Abstract
This paper presents a novel two-stage framework to examine the impact of Quantitative Easing (QE) on the distribution of household financial wealth in the UK and the US. In the first stage, robust econometric methods are used to estimate the effect of QE on domestic bond and equity markets via the Portfolio Balance Channel. In the second stage, it documents that equity market returns affect the growth of financial wealth differently across wealth deciles. It is shown that QE implemented between 2009 and 2012 coincided with a pronounced divergence in financial-wealth outcomes in the United States. During this period, the Top 1% of the financial wealth cohort consistently outperformed aggregate growth in financial wealth, whereas the Bottom 50% experienced persistent relative losses. Importantly, these effects do not self-correct after QE ends, suggesting that QE-induced wealth redistribution may be long-lasting. The UK exhibits similar patterns, though data limitations restrict the strength of causal inference. The paper contributes to the existing literature in three ways. First, it provides a transparent two-stage framework that clarifies the sequential link between QE, asset prices, and the distribution of financial wealth. Second, it shows that commonly used aggregate inequality measures can mask substantial distributional shifts concentrated at the top of the wealth distribution.

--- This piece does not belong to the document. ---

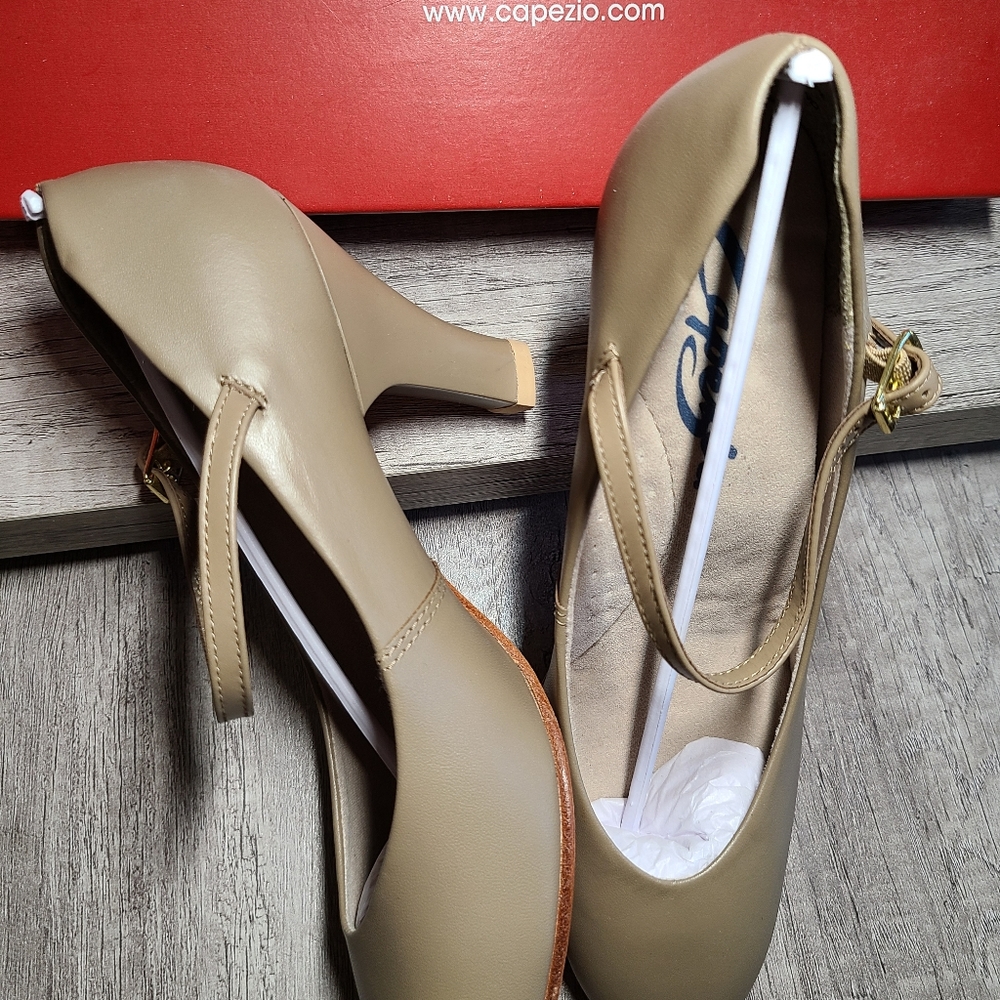 Capezio Theatrical Footlight Character shoes NEW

Third, it demonstrates that the policy relevance of wealth-distribution effects is a potentially important yet under-acknowledged side effect of unconventional monetary policy.
| Original language | English |
|---|---|
| Journal | International Review of Economics and Finance |
| Publication status | Acceptance date - 15 Apr 2026 |
UN SDGs
This output contributes to the following UN Sustainable Development Goals (SDGs)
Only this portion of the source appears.